Drupal SA-CORE-2026-004: Highly Critical SQL Injection CVE-2026-9082 — PostgreSQL Sites Must Patch Immediately

Drupal published emergency security advisory SA-CORE-2026-004 on 20 May, disclosing CVE-2026-9082, a SQL injection vulnerability in Drupal’s database abstraction layer that affects all Drupal sites configured to use PostgreSQL as the database backend. The advisory was rated “Highly Critical” on Drupal’s own risk scoring scale (20/25) — the same rating assigned to major historical Drupal vulnerabilities that attracted mass exploitation within hours.

Drupal explicitly warned in the advisory that the vulnerability is of a class that typically sees exploit code developed rapidly, and that sites should be patched as a priority without waiting for a maintenance window.

Vulnerability Details

The SQL injection vulnerability exists in Drupal core’s database abstraction API — the layer that processes all database queries across Drupal core and contributed modules. A flaw in how the API sanitises certain query parameters allows an unauthenticated attacker to inject arbitrary SQL into database queries.

The vulnerability is zero-click from the attacker’s perspective: no user interaction is required beyond sending a specially crafted HTTP request to the affected Drupal site. The impact includes database read access (all site content, user credentials, configuration), database write access (content injection, user account creation or privilege escalation), and in some PostgreSQL configurations where the database user has sufficient privileges, OS command execution via PostgreSQL’s COPY TO/FROM PROGRAM function.

Scope: Only PostgreSQL backends are affected. Drupal sites using MySQL, MariaDB, or SQLite are not vulnerable to this specific CVE, though the advisory recommends all Drupal sites update to the patched version as a precaution.

Affected versions: Drupal 10.x prior to 10.4.8, Drupal 11.x prior to 11.1.12. Drupal 9.x is end-of-life and has not received a fix; EoL sites should be treated as permanently exposed.

Patch Availability

Drupal released patched versions (10.4.8 and 11.1.12) on 20 May alongside the advisory. The patch is available through standard Drupal update mechanisms (drush updb, Composer update, or the administrative update interface).

The Drupal Security Team recommends applying the update outside of normal maintenance windows given the severity and expected rapid exploitation. The advisory was published in Drupal’s coordinated release format, which typically involves pre-notification to major hosting providers.

Immediate Actions for Drupal Administrators

Identify PostgreSQL-backed Drupal sites: Review your Drupal estate to identify sites using PostgreSQL. In Drupal’s settings.php, the database driver is specified in the $databases array — look for 'driver' => 'pgsql'.

Apply the update immediately: Run the update on all PostgreSQL-backed Drupal sites. The update process:

composer require 'drupal/core-recommended:~10.4.8'
drush updb
drush cr

For Drupal sites managed through hosting control panels (Acquia, Pantheon, Platform.sh), check vendor-specific guidance — some providers have applied server-side mitigations pending customer-managed updates.

If immediate patching is not possible: Temporarily disable public access to affected sites or restrict access to authenticated users only via IP allowlisting, until patching can be completed.

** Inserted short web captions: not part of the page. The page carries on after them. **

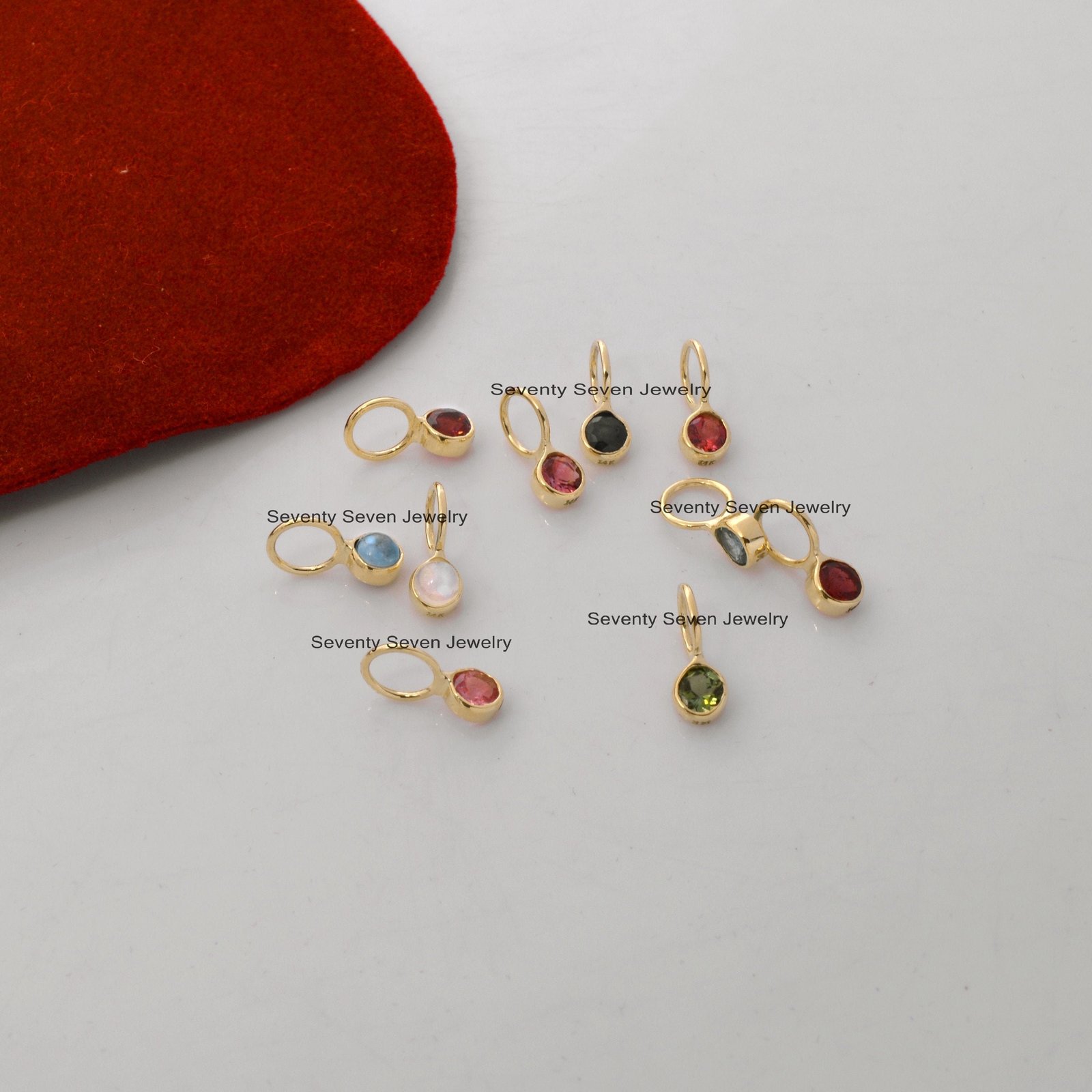 Sterling Silver Drop Pendant: Tiny Charm (12x5 MM) - View 2 - Seventy Seven Jewelry | SKU: SSMJP468-SLYGTQ-2026,SSMJP468-SLYG Sterling Silver Drop Pendant: Tiny Charm (12x5 MM) - View 2 - Seventy Seven Jewelry | SKU: SSMJP468-SLYGTQ-2026,SSMJP468-SLYG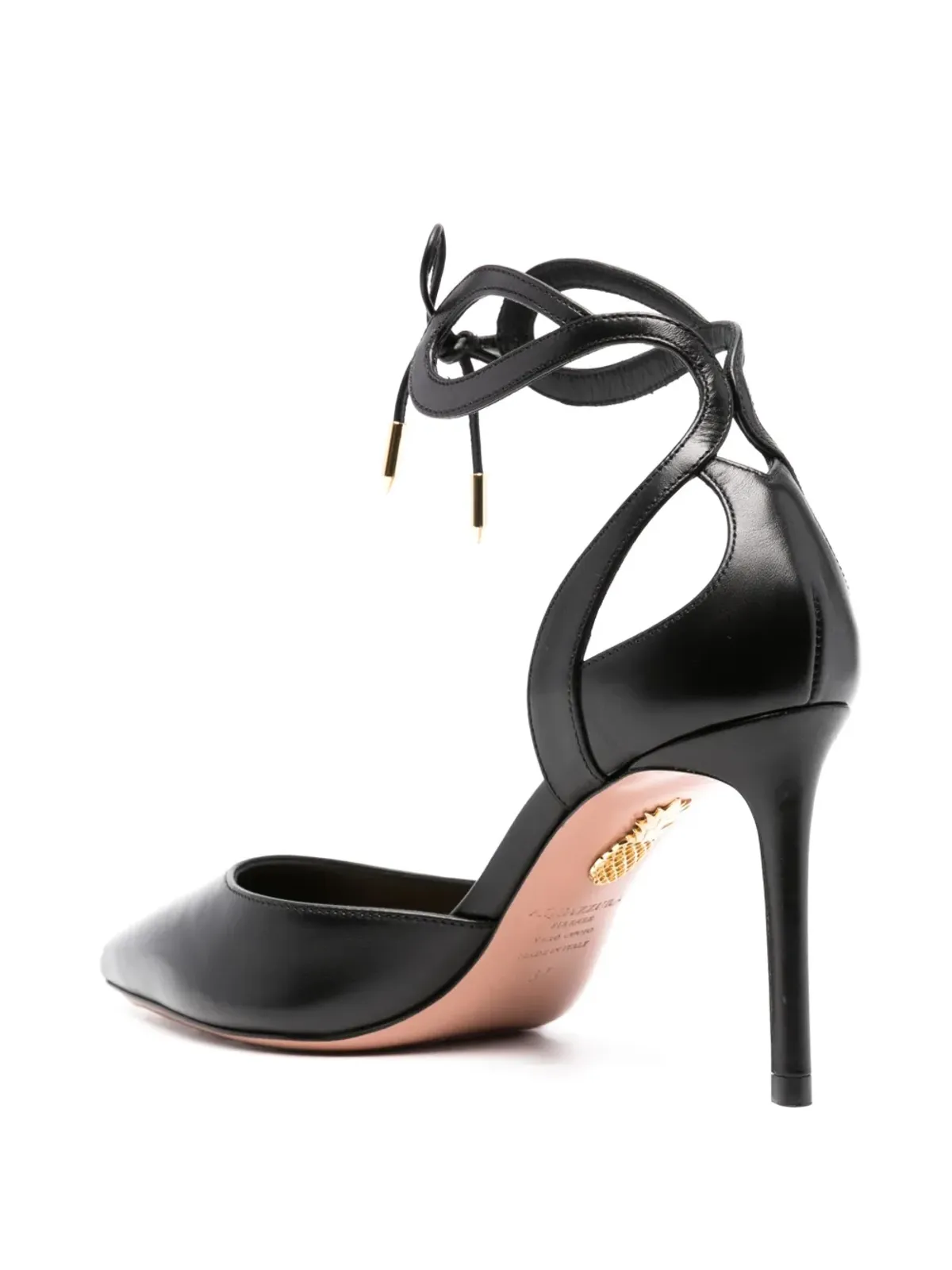 Aquazzura テッサ レザー パンプス - ブラック - 画像3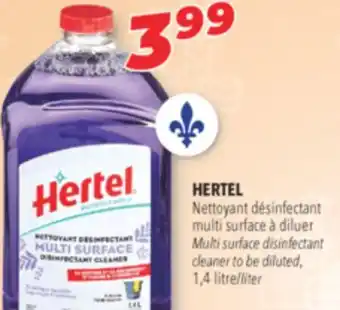 Familiprix Hertel multi surface disinfectant cleaner to be diluted offer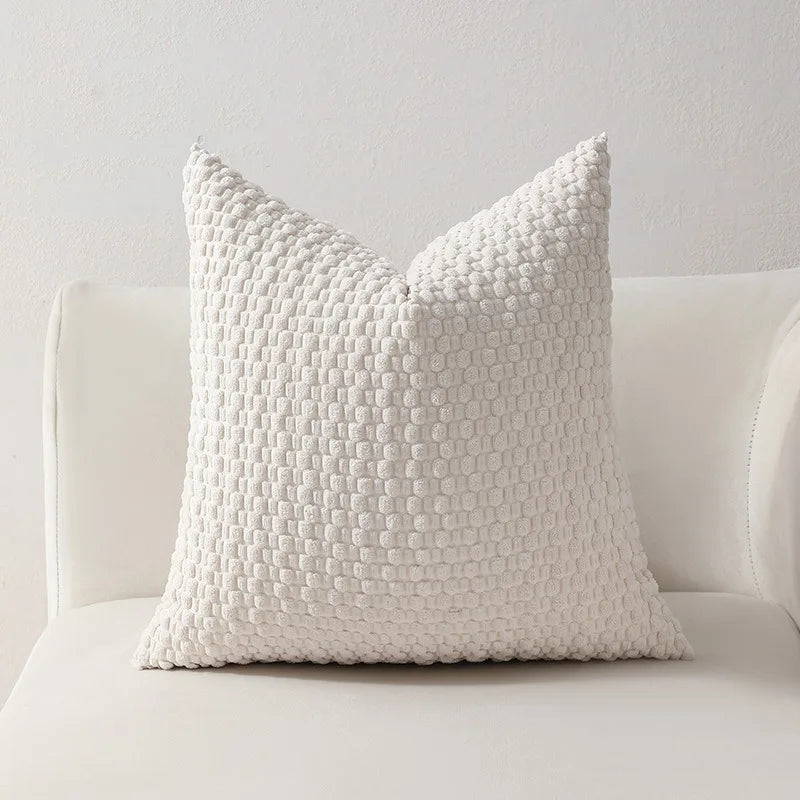 Decorative Throw Pillow Cover — styling detail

Scan for exploitation indicators: Review web server access logs for unusual database-error responses and unexpected user account creation in the Drupal user registry (Admin → People). SQL injection exploitation against Drupal often precedes automated account creation to maintain persistent administrative access.

Drupal’s Historical Exploitation Pattern

Drupal “Highly Critical” advisories have a consistent exploitation history. Drupalgeddon (SA-CORE-2014-005) saw mass automated exploitation within 7 hours of advisory publication in 2014. Drupalgeddon2 (SA-CORE-2018-002) had automated exploit code published within hours and active exploitation within days in 2018. The Drupal Security Team’s warning about rapid exploit development is not precautionary — it reflects documented institutional knowledge of how the attacker community responds to Drupal critical advisories.